--- START ---

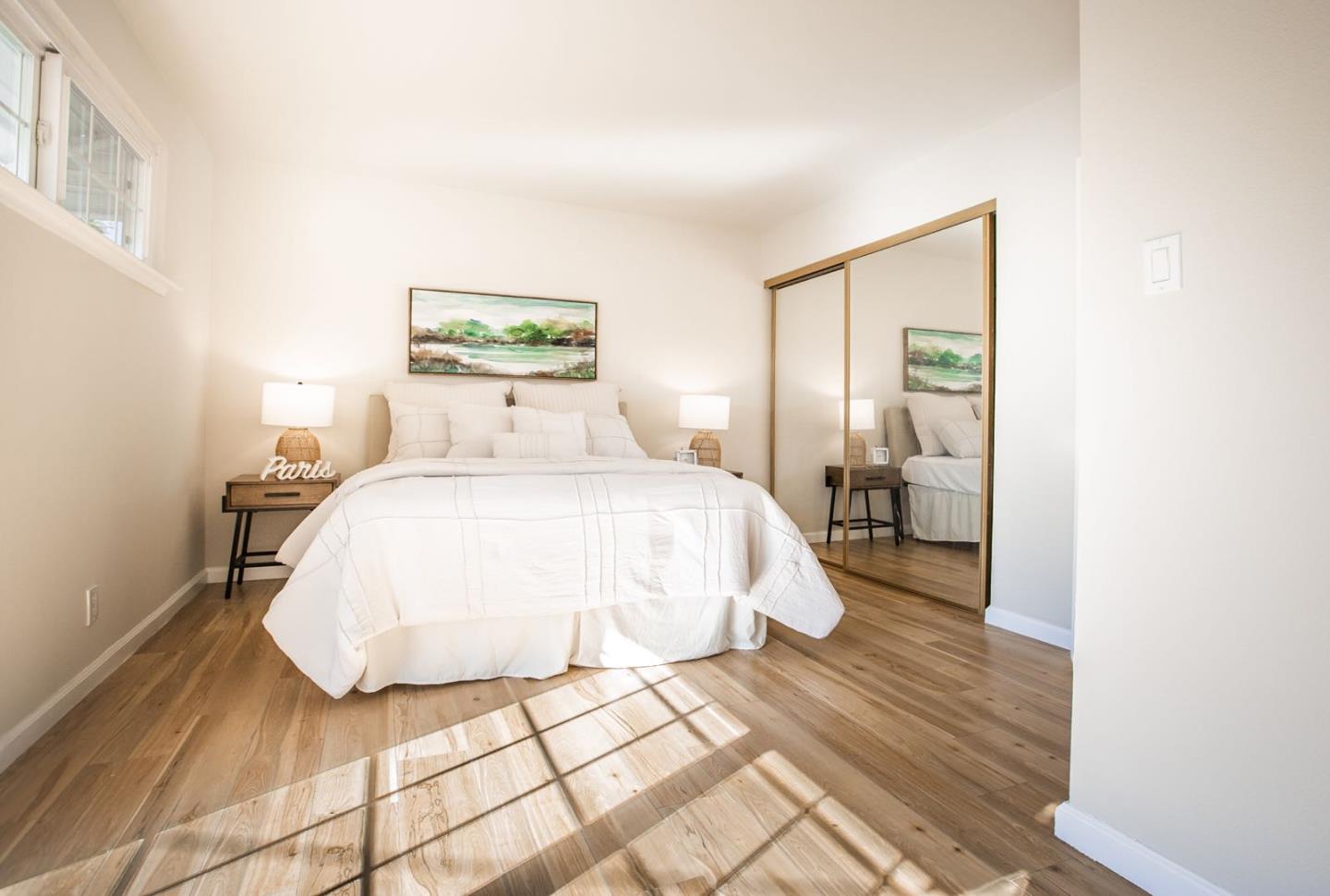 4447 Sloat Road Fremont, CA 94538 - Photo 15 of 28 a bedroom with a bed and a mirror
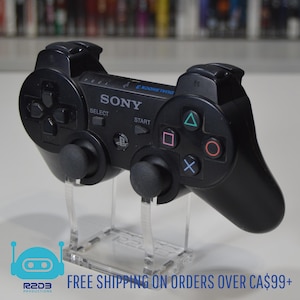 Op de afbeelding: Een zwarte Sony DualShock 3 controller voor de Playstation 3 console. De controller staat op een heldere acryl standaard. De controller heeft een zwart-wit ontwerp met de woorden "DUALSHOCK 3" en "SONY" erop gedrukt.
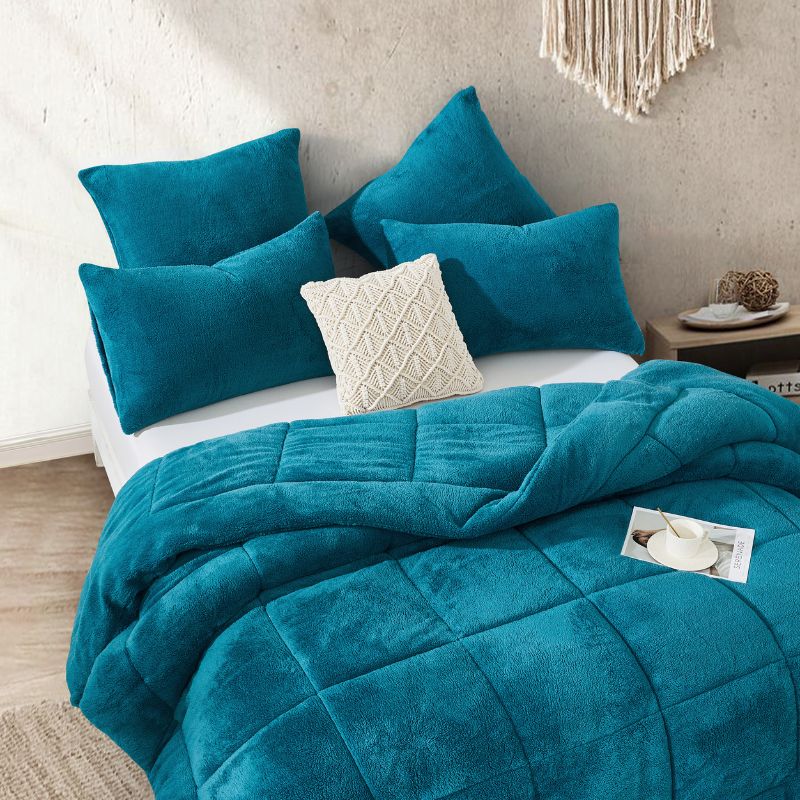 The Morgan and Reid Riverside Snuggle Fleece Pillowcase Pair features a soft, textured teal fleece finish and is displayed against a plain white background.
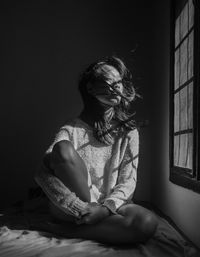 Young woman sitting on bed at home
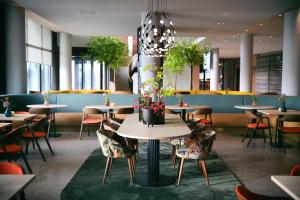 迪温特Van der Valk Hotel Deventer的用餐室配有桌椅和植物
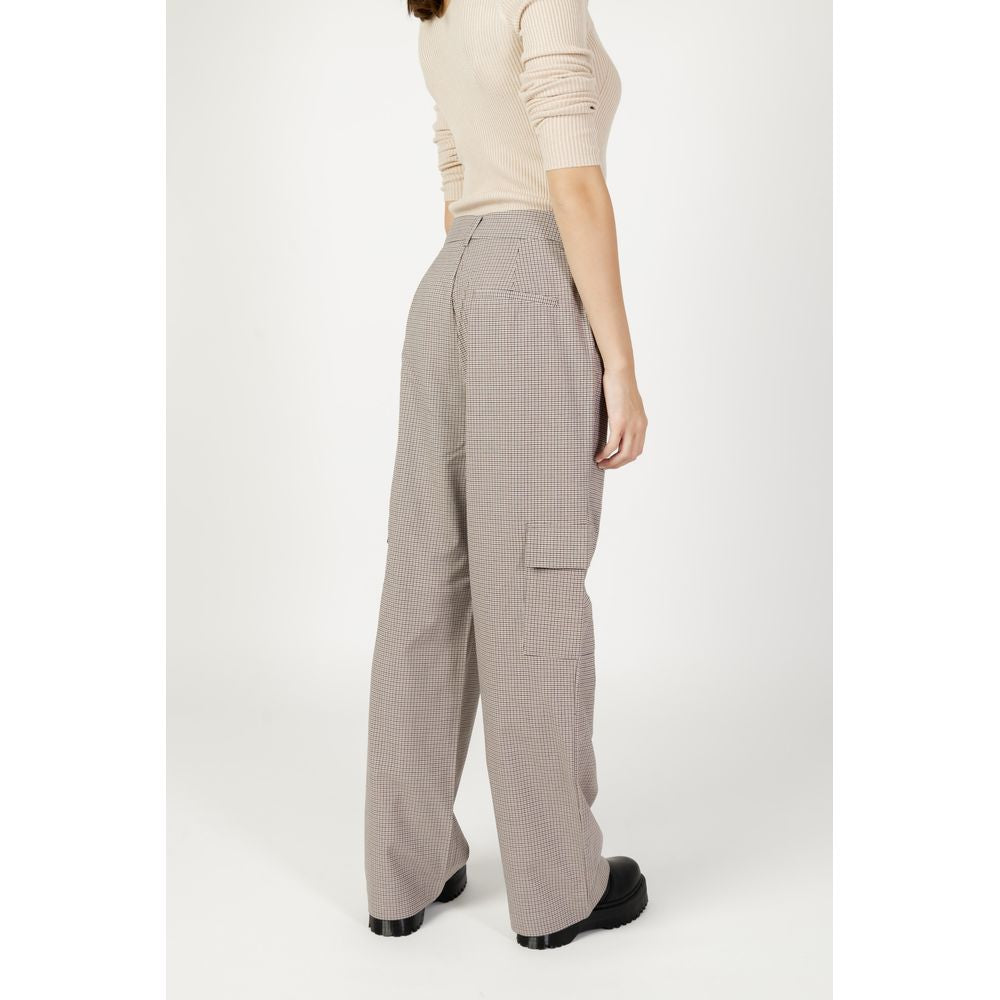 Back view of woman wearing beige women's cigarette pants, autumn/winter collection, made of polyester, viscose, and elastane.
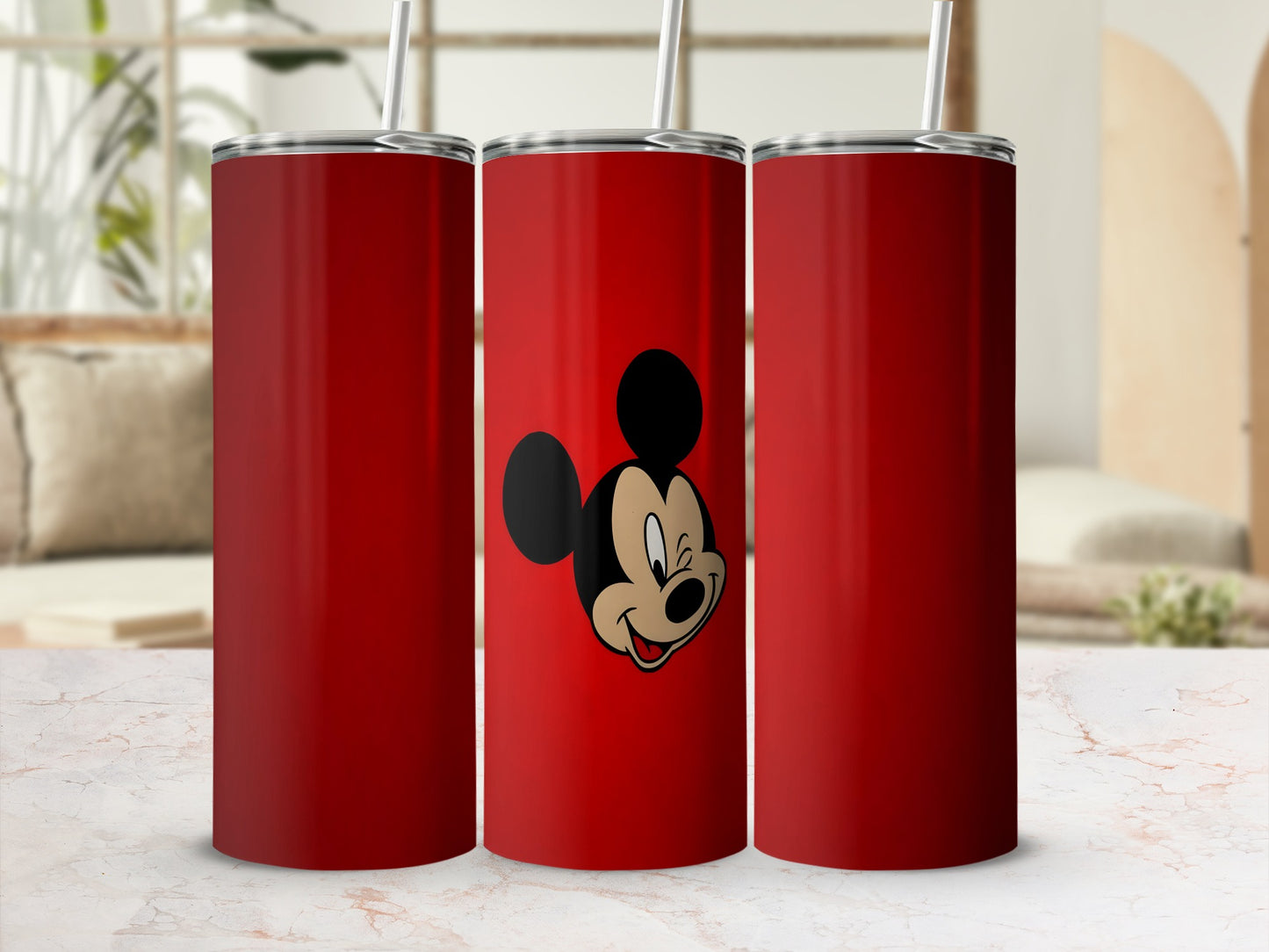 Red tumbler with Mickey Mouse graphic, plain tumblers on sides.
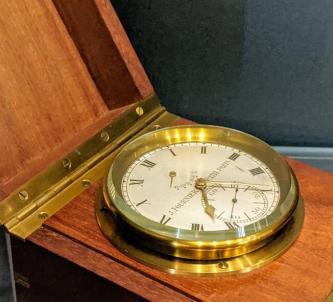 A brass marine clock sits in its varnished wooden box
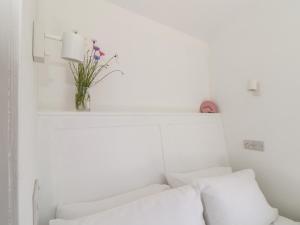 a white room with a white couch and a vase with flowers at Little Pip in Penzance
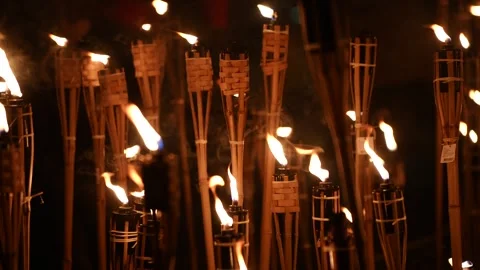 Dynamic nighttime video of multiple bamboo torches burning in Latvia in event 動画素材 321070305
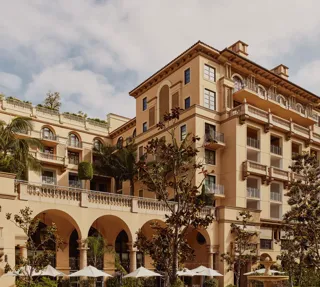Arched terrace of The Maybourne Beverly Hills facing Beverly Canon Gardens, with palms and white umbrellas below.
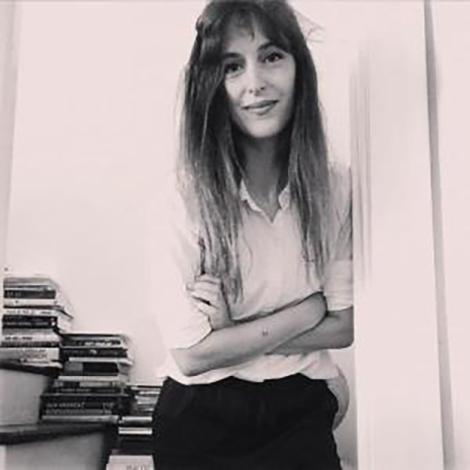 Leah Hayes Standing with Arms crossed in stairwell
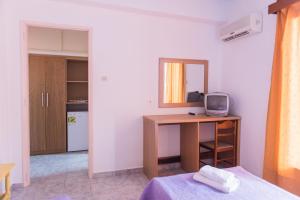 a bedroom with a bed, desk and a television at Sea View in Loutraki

--- END ---

From the line holding "The Morgan and" to the line holding "迪温特Van der Valk Hotel Deventer的用餐室配有桌椅和植物", both included, retype the entries above exactly and drop the pictures.

** Solution to this exercise **
 The Morgan and Reid Riverside Snuggle Fleece Pillowcase Pair features a soft, textured teal fleece finish and is displayed against a plain white background.
 Young woman sitting on bed at home
 迪温特Van der Valk Hotel Deventer的用餐室配有桌椅和植物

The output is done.